Step 5. Data Understanding (2)
• 2. Exploring Data
• Exploring data by using data query, visualization, statistics to indicate data
characteristics or lead to interesting subsets for further examination
These include: Distribution of key attributes, for example the target attribute of
a prediction task; Relations between pairs or small numbers of attributes;
Results of simple aggregations; Properties of significant sub-populations; Simple
statistical analyses
Step 5. Data Understanding (3)
• 2. Verifying data Quality
• Examine the quality of the data, addressing questions such as: Is the data
complete (does it cover all the cases required)?
• Is it correct or does it contain errors, and if there are errors how common are
they? Are there missing values in the data?
• If so how are they represented, where do they occur and how common are
they?
Step 6. Data Preparation
• What additional work is required to manipulate and work with the
data?
Step 6. Data Preparation
• The data preparation stage comprises all activities used to construct
the data set that will be used in the modeling stage.
• These include
• Selecting data (feature selection)
• Cleansing data
• Constructing (derived) data (feature engineering)

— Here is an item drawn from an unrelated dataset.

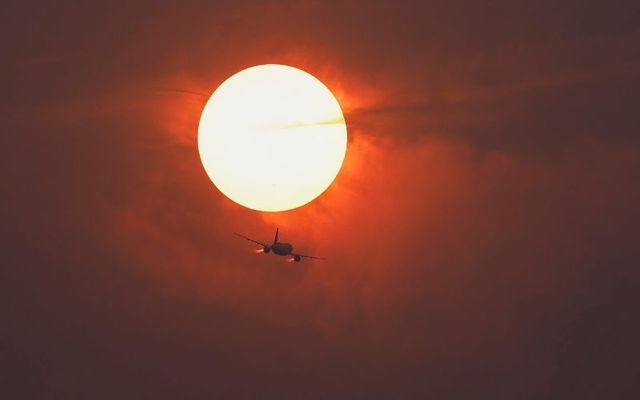 June 7, 2023: A commercial airline flies past the sun covered in haze made from smoke of Canadian wildfires in Washington, DC.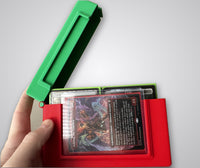 Two Commander deck boxes, red and green, open side by side showing sleeved Magic: The Gathering cards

• Combining data from multiple sources and
• Formating data
Step 6. Data Preparation: Selecting Data
• 1. Selecting Data
• Decide on the data to be used for analysis.
• Criteria:
• relevance to the data science goals,
• quality, and
• technical constraints such as limits on data volume or data types.
• Data selection covers selection of attributes (columns) as well as selection of
records (rows) in a table.
Step 6. Data Preparation: Cleansing Data
• 2. Cleansing data
• Raise the data quality to the level required by the selected analysis
techniques.
• This may involve selection of clean subsets of the data, the insertion of
suitable defaults or more ambitious techniques such as the estimation of
missing data by modeling.
• Missing data
• Incorrect/ invalid data
• Duplicate data
• Formatting data
Step 6. Data Preparation: Feature
Engineering
• 3. Feature engineering: Creating new features from existing ones to
improve model performance.
• Indicator Variable
• Indicator variable from thresholds:
• when studying alcohol preferences by U.S. consumers and our dataset has an age feature, we can
create an indicator variable for age >= 21 to distinguish subjects who were over the legal drinking
age.
• Indicator variable from multiple features:
• When predicting real-estate prices and having the features n_bedrooms and n_bathrooms. If houses
with 2 beds and 2 baths are a premium as rental properties, we can create an indicator variable to
flag them.
• Indicator variable for special events:
• When modelling weekly sales of an e-comer sites, we could create two indicator variables for the
weeks of Black Friday and Chrismas
• Indicator variable for group of classes:
• from the categorical feature traffic_source, we could create an indicator variable for paid_traffic by
flagging observations with traffic source values of "Facebook Ads" or "Google Adwords".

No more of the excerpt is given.